Car engine problems come in many forms and have many different signs something is wrong. Most commonly, though, you’ll hear some sort of noise that indicates there’s an issue.
Occasionally, you may hear a ‘ticking’ sound. If you do, there’s some information that you’ll need to keep in mind.
Not sure where to start? Don’t worry, we’ve got you covered.
Let’s take a look at everything you need to know about why your car’s engine could be making a ticking noise.
An Oil-Related Problem
If your vehicle has a low oil level, a faulty oil pump, or low oil pressure, it’s not uncommon for you to hear a ticking noise while you’re driving. If your engine isn’t properly lubricated due to any of the above causes, a ticking noise will result from its parts coming into contact with each other as it functions.
As you may expect, this can lead to severe damage to your vehicle over time and is something that should be investigated immediately if you suspect this may be the cause. You also run the risk of putting the safety of both yourself and other drivers in jeopardy.
An Exhaust Leak
Although it may not seem like a week could result in this type of sound, it’s actually a fairly common symptom. This is especially true when you rev your car’s engine.
A simple way to tell the difference between an exhaust leak and oil pressure is to put your car in park and press the gas pedal until you reach approximately 2500 RPM. If the sound tends to go away at this point, it’s more than likely an exhaust leak.
If the sound continues indefinitely, it’s often an oil-related issue. Both issues should only be repaired by an experienced professional to avoid any other complications fro arising in the future.
Spark Plug Issues
Since each cylinder of your engine is sealed with a spark plug, it’s not uncommon to hear a clicking noise if one becomes loosened or damaged. The same can be said for any type of wire that’s connected to your engine.
In many cases, simply replacing the spark plug will be able to alleviate the issue. Sometimes, though, faulty spark plugs can result in damage to the engine’s hardware and often requires the attention from a professional in order to fix it.

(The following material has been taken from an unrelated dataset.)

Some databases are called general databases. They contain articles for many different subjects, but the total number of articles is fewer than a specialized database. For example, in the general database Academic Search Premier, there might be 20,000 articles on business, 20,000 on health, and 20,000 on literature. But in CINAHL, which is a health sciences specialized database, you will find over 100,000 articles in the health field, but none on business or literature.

As your engine fan rotates, it will likely produce a notable amount of noise. But, a ticking sound isn’t something that’s typical.
The most common culprit is a fan blade that’s loose or chipped. There could also be debris stuck in the fan, as well.
Fortunately, this problem is relatively easy to diagnose and often involves taking a quick look under the hood car. Damage is often immediately evident, allowing you to move forward with a solution.
Problems With Your Vehicle’s Ignition
Under normal circumstances, your engine’s cylinders will fire at specific intervals. If this timing is off, you may find that you hear a clicking sound while you operate your vehicle. This can become increasingly true at higher speeds.
Although this is often caused by carbon buildup, using poor quality fuel in your car may also result in this scenario. You can easily determine if this is the case by using higher-octane fuel the next time you fill up your car.
As you may expect, this is most common with cars that are specifically designed to take premium fuel. Using lower-quality fuel in these vehicles will easily result in long-term issues that could manifest as engine noises.
According to Steve Pinney from Fullthrottleautoservice.com, a ticking sound coming from your engine could be a sign that your timing belt is failing. This is a scenario that requires immediate attention.
The cause of your ticking noise could be a loose part in general. Even a relatively small part located somewhere in between the hardware underneath your car’s hood could produce a similar noise as you drive.
The issue here, though, is that it’s not always immediately apparent that a part is loose— especially if you aren’t able to see it.
But, if you were recently involved in a collision of any sort and noticed the ticking noise afterward, it’s likely that something was knocked loose.
Typical parts that could be the source of the noise include brackets, heat shields, and anything else that could come into physical contact with another part of your car while you’re driving.
Fortunately, a clicking noise that stems from a fuel injector likely doesn’t need to be repaired at all. Depending on your vehicle models, you may simply have a car that produces a clicking sound as its fuel injector functions.
For cars with direct injection, the sound is often even more apparent.
If you can narrow down the issue to a fuel injector, it’s nothing to worry about as long as you don’t notice any performance issues. Otherwise, you need to get your car diagnosed by a mechanic.
Identifying Your Car’s Ticking Noise Can Seem Difficult
But it doesn’t have to be.
With the above information about handling your car’s ticking noise in mind, you’ll be well on your way toward making the decision that’s best for you.